The present invention relates to rotary fluid pressure devices, and more particularly, to such devices which include gerotor displacement mechanisms utilizing low-speed, commutating valving.
In a conventional gerotor motors utilizing low-speed, commutating valve (i.e., the rotary valve element rotates at the speed of rotation of the gerotor star rather than at the orbiting speed of the star), the valving action has typically been accomplished by means of a rotary valve member and a stationary valve member, with both valve members being separate from the gerotor displacement mechanism.
In recent years, those skilled in the art have developed what may be termed a "valve-in-star" (VIS) gerotor motor, an example of which is illustrated and described in U.S. Pat. No. 4,741,681, assigned to the assignee of the present invention and incorporated herein by reference. In a VIS motor, the commutating valving action is accomplished at an interface between the orbiting and rotating gerotor star, and an adjacent, stationary valve plate, which is typically part of the motor housing, and more specifically, part of the endcap assembly.

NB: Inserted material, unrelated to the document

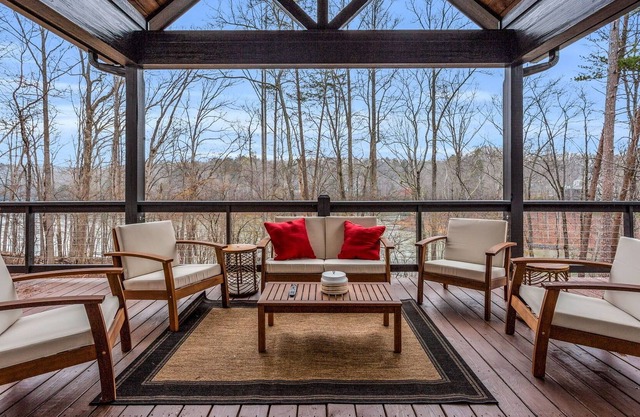 Brand New Lake House w/Jacuzzi-Jet Skis-Pontoon!!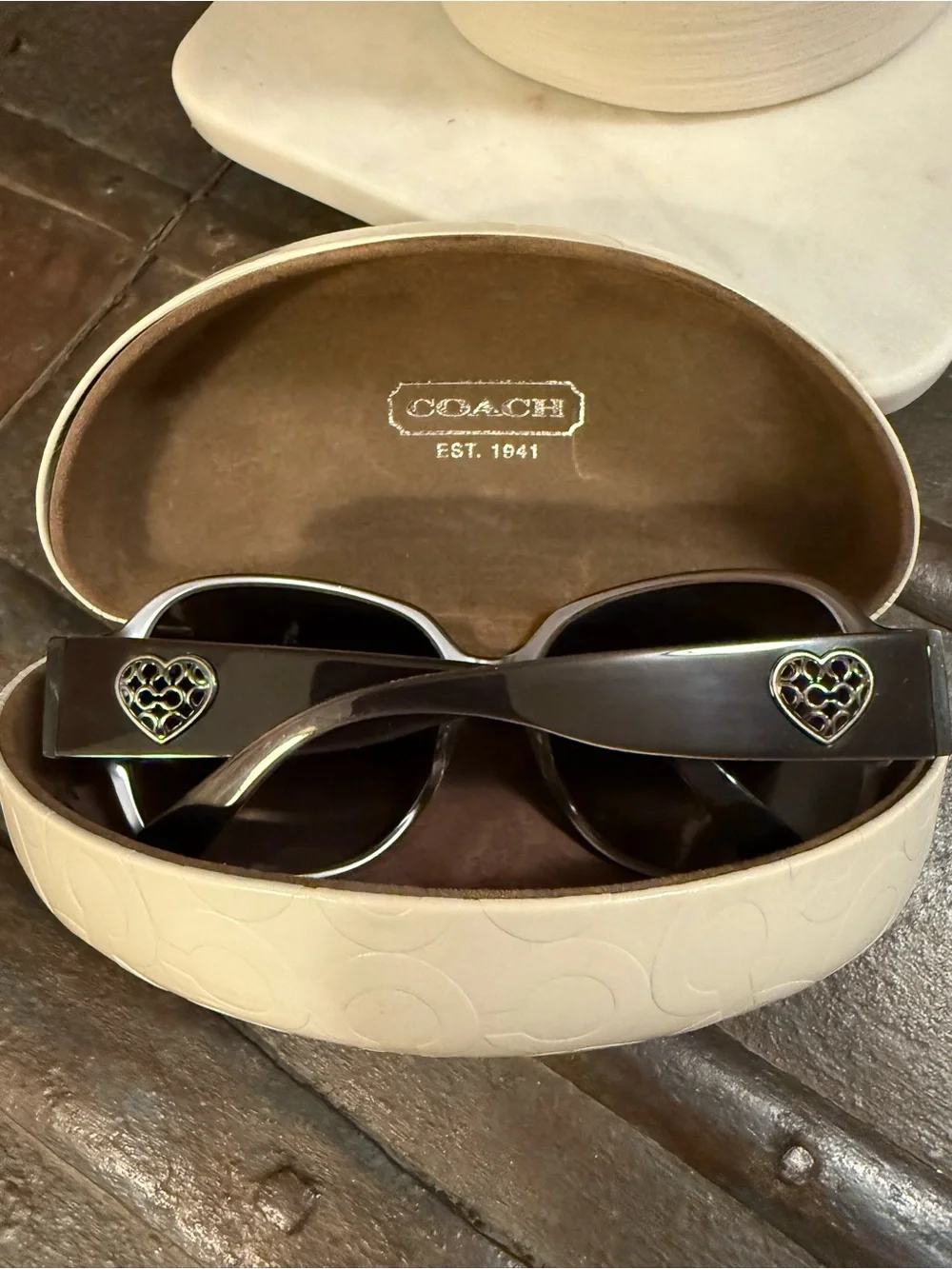 Coach sunglasses w hearts on temple region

Although "commutating" valving action is well known to those skilled in the gerotor motor art, a brief explanation will be provided herein. In a typical gerotor motor, the ring member defines a plurality N+1 of internal teeth, and the orbiting and rotating star defines a plurality N of external teeth. The stationary valve member then defines a plurality N+1 of valve passages communicating with the expanding and contracting fluid volume chambers of the gerotor, while the rotary valve member (orbiting and rotating star in the case of a VIS motor) defines a plurality N of fluid ports at high pressure ("system pressure"), and a plurality N of fluid ports at low pressure (return or exhaust). The progressive fluid communication between each of the N ports and each of the N+1 fluid passages in the stationary valve member, as the star orbits and rotates, comprises the commutating valving.

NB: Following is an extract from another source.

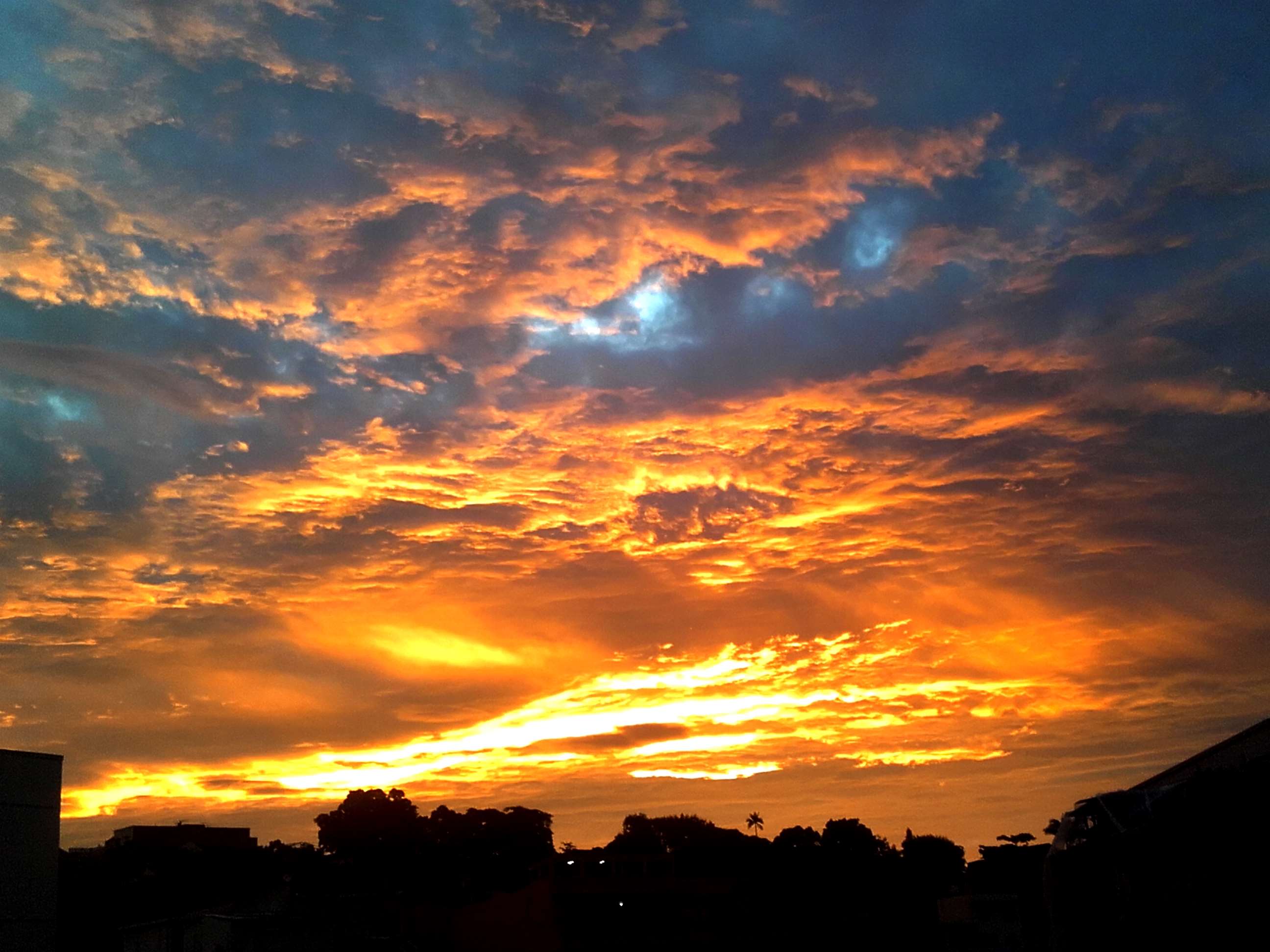 2592x1944 blue, clouds, orange sky, sky, sunset Gallery HD Wallpaper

In the subject embodiment of the present invention, the stationary valve plate and the endcap member comprise two separate members, with the endcap member and the stationary valve member cooperating to define the inlet and outlet pressure regions, while the stationary valve member alone defines the N+1 valve passages communicating with the volume chambers of the gerotor. During the development of the commercial embodiment of the invention, it has been observed that the volumetric efficiency of the motor decreases as the pressure differential across the motor increases, which is to be expected, but that the decrease in volumetric efficiency is more drastic than what would normally be expected, and certainly more drastic than what is acceptable. It has been hypothesized that the drop in volumetric efficiency reflects a progressive increase in cross-port leakage, and in particular, cross-port leakage along the interface between the endcap member and the stationary valve member.